Entiendo que cuando dices ficción te refieres a la ciencia ficción, o incluso de modo más general a la narrativa de imaginación fantástica, y en cambio yo –basándome en cierto número de autores– entiendo la ficción como narrativa, a secas: cualquier texto que proponga personajes y sucesos inventados en un mundo narrado, fingido, sin importar que ese mundo narrado se parezca o no al mundo de nuestra vida ordinaria. Esto me parece más acertado porque, de hecho, ningún mundo narrado es «real» en el sentido en el que lo es una mesa, un árbol, tu cuerpo, el aparato en el que lees estas palabras: los mundos narrados son, solamente, efectos en nuestra conciencia, imágenes que nos figuramos, de forma estrictamente subjetiva, a partir de lo que vamos leyendo: de lo que nos «dice» el texto de la narración. Una novela no es un mundo: es una secuencias de signos consignada en algún sustrato, un papel o una memoria digital o cualquier otro, que leemos para hacernos la ilusión de que observamos un mundo.

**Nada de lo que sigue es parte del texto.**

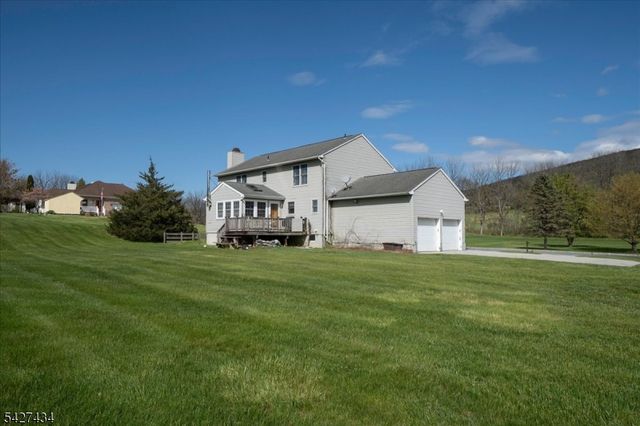 9 Carriage Ln, Hardyston Twp., NJ 07419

A veces nos confundimos. Algunos mundos narrados se parecen más a lo que entendemos como la vida real, y llegamos a decir nos parecen «más reales» aunque no lo sean: aunque todos sean experiencias interiores impulsadas por los textos, igual de intangibles para los sentidos. Cuando eso pasa confundimos las cosas con las palabras que les dan nombre: las representaciones con aquello que representan.
Digo todo esto porque la respuesta a tu pregunta tiene que ver con ese error.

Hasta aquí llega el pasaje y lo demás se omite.